From: Glenn Morton (glenn.morton@btinternet.com)
Date: Wed Jan 23 2002 - 09:09:27 EST

  • Next message: george murphy: "Re: The Star-Trek effect"

    Hi Jonathan,

    >-----Original Message-----
    >From: asa-owner@lists.calvin.edu [mailto:asa-owner@lists.calvin.edu]On
    >Behalf Of Jonathan Clarke
    >Sent: Tuesday, January 22, 2002 2:33 PM
    >Cc: Asa@Calvin. Edu
    >Subject: Re: The Star-Trek effect
    >
    >
    >Hi Glenn
    >
    >I don't think that we should take William Wherwell's opinion as
    >neccessarily
    >respresentative of Christian views on the plurality of life on
    >worlds.

    You miss the point of the post. It isn't the actual position that I am
    criticizing, indeed, Whewell stands vindicated today and CHambers falsified
    so far. It was the approach. He went against observational evidence of his
    day. Consider what Whewell did with stars like the sun in order to avoid
    having any possibility of life around them:

    "The stars, then, being like the sun in being luminous does it follow that
    they are, like the sujn, definite dense masses? Or are they, or many of
    them, luminous masses in a far more diffused state; visually contracted to
    points, by the immense distance from us at which they are? P. 147

    While I am not through with the book, with each passig page he is going
    further and futher afield from the data.

     In his
    >1817 "Astronomical discourses" the Scottish preacher Thomas
    >Chambers wrote of
    >other planets that “must be the mansions of life and of
    >intelligence” and “The
    >universe at large would suffer as little, in its splendour and
    >variety, by the
    >destruction of our planet, as the verdure and sublime magnitude of a forest
    >would suffer by the fall of a single leaf”.

    I was aware of Chambers work, Michael Ruse discusses it in the preface and
    it was in response to the 1817 work that Whewell in 1833 acknowledge the
    possibility of life in space only to change his mind after evolution entered
    the intellectual discussion.

     Even earlier the 17th
    >century Dutch
    >astronomer Christain Huygens in his posthumous book "Cosmotheoros"
    >wrote “For
    >all this Furniture and Beauty the Planets are stock’d with seem to
    >have been
    >made in vain, without any Design or End, unless there were some in
    >them that
    >might at the same time enjoy the Fruits, and adore the wise
    >Creator of them.”
    >
    >On the spiral nebulae, wasn't the original idea that they were actually
    >protostellar nebular in the process of collapsing, rather than
    >being galaxies?
    >Until stars were resolved in then they were thought to lie within our own
    >galaxy.

    See my note to George. THis had been accomplished prior to Whewell's book as
    he wrote about it!

    >
    >But it is interesting how groups such as RTB seem to have nailed
    >their colours
    >to the mast by saying that life is rare in the universe, without any direct
    >evidence one way or the other. Doubtless should life be
    >discovered elsewhere in
    >the universe this will be used as a rod to Christian's backs.

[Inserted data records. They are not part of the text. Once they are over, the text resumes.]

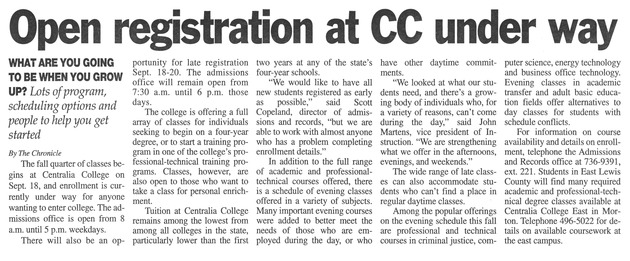 Open registration at CC under way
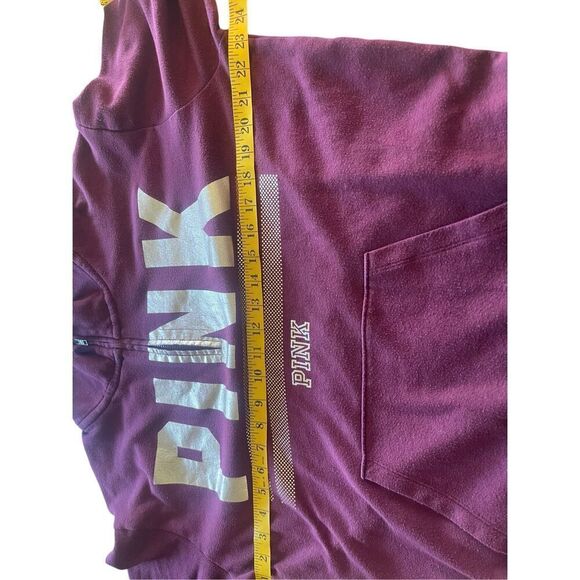 PINK Victoria’s Secret Womens Maroon Quarter Zip Pullover Sweatshirt Size Large - Picture 6 of 11
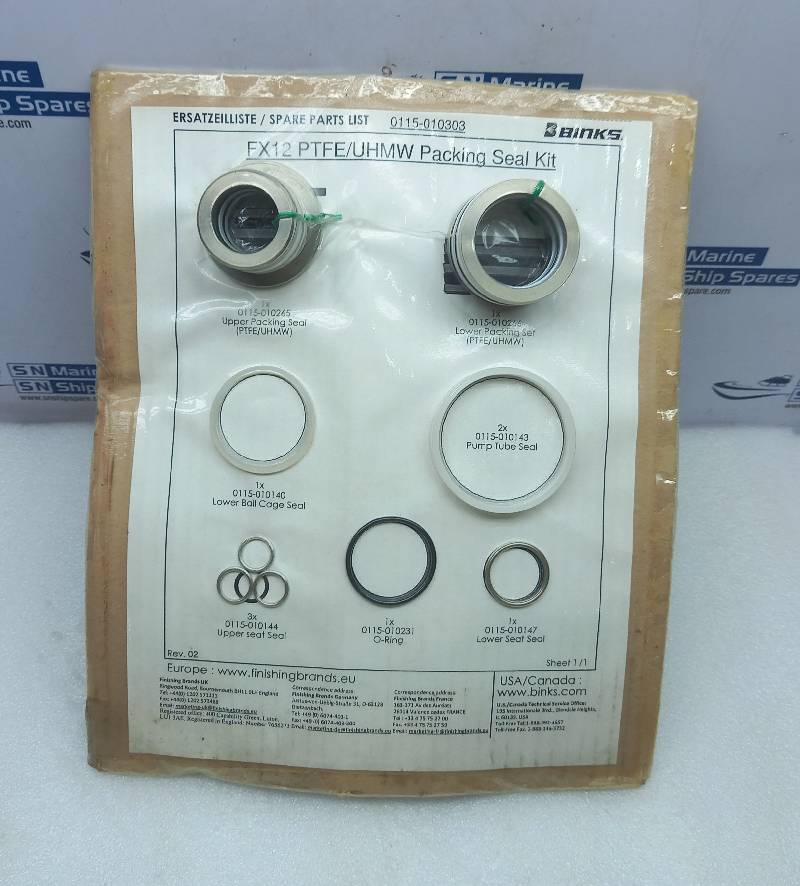 Binks 0115-010303 FX12 PTFE/UHMW Packing Seal Kit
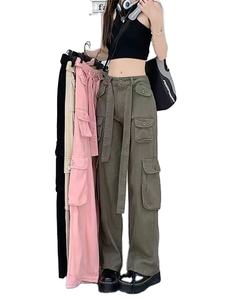 Pantalon cargo élégant pour femmes OEM ODM mode 6 poches pantalon cargo Streetwear 100% coton personnalisé ceinture taille femmes pantalon cargo - Product Image 3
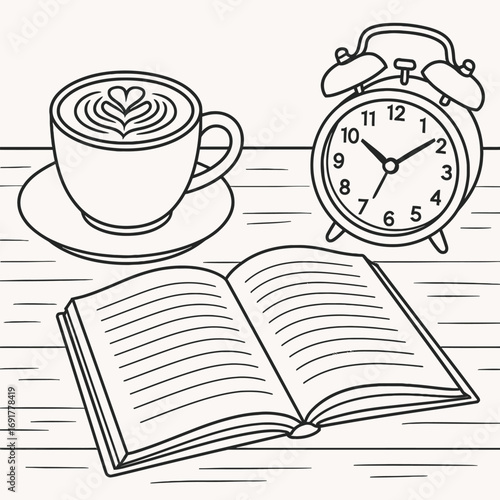 Outline clean vector illustration of a coffee latte with a book and alarm clock on a wooden table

    I really don't think that that can be used against Christians today. Most
    evolutionists actually beleive that life is rare in the universe especially
    intelligent life. But when we finally get clear enough pictures of planets
    around stars to do spectrographic analysis and we find an oxygen rich
    atmosphere, it will be very difficult to deny that it has life not related
    to this earth. (there is already one picture of a large planet).